**TASK GOAL:** Please reproduce the records, omitting nothing and changing nothing.
[PROVIDED ENTRIES Boundary: Start]
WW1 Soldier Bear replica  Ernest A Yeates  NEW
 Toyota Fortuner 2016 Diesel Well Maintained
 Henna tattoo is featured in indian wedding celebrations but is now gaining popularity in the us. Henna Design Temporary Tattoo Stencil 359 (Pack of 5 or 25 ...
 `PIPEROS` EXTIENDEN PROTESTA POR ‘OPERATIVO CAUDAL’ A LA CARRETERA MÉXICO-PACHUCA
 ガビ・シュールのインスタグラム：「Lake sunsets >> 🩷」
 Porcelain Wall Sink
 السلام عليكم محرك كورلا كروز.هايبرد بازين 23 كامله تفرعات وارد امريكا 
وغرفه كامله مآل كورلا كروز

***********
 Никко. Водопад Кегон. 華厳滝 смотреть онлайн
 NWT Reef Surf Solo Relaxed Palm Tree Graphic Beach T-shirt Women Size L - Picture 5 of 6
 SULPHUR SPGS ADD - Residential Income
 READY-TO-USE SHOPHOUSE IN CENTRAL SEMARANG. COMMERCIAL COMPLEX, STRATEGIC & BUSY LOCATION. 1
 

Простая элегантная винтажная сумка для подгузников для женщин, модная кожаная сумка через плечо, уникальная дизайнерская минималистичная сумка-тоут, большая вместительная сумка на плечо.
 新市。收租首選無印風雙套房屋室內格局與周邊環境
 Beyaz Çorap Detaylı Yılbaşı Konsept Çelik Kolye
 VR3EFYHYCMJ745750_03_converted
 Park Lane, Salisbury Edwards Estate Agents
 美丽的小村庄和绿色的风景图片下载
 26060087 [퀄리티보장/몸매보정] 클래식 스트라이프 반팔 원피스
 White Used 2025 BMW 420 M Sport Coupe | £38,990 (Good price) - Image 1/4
[PROVIDED ENTRIES Boundary: End]
**THE COMPLETED TASK:**
WW1 Soldier Bear replica  Ernest A Yeates  NEW
 Toyota Fortuner 2016 Diesel Well Maintained
 Henna tattoo is featured in indian wedding celebrations but is now gaining popularity in the us. Henna Design Temporary Tattoo Stencil 359 (Pack of 5 or 25 ...
 `PIPEROS` EXTIENDEN PROTESTA POR ‘OPERATIVO CAUDAL’ A LA CARRETERA MÉXICO-PACHUCA
 ガビ・シュールのインスタグラム：「Lake sunsets >> 🩷」
 Porcelain Wall Sink
 السلام عليكم محرك كورلا كروز.هايبرد بازين 23 كامله تفرعات وارد امريكا 
وغرفه كامله مآل كورلا كروز

***********
 Никко. Водопад Кегон. 華厳滝 смотреть онлайн
 NWT Reef Surf Solo Relaxed Palm Tree Graphic Beach T-shirt Women Size L - Picture 5 of 6
 SULPHUR SPGS ADD - Residential Income
 READY-TO-USE SHOPHOUSE IN CENTRAL SEMARANG. COMMERCIAL COMPLEX, STRATEGIC & BUSY LOCATION. 1
 

Простая элегантная винтажная сумка для подгузников для женщин, модная кожаная сумка через плечо, уникальная дизайнерская минималистичная сумка-тоут, большая вместительная сумка на плечо.
 新市。收租首選無印風雙套房屋室內格局與周邊環境
 Beyaz Çorap Detaylı Yılbaşı Konsept Çelik Kolye
 VR3EFYHYCMJ745750_03_converted
 Park Lane, Salisbury Edwards Estate Agents
 美丽的小村庄和绿色的风景图片下载
 26060087 [퀄리티보장/몸매보정] 클래식 스트라이프 반팔 원피스
 White Used 2025 BMW 420 M Sport Coupe | £38,990 (Good price) - Image 1/4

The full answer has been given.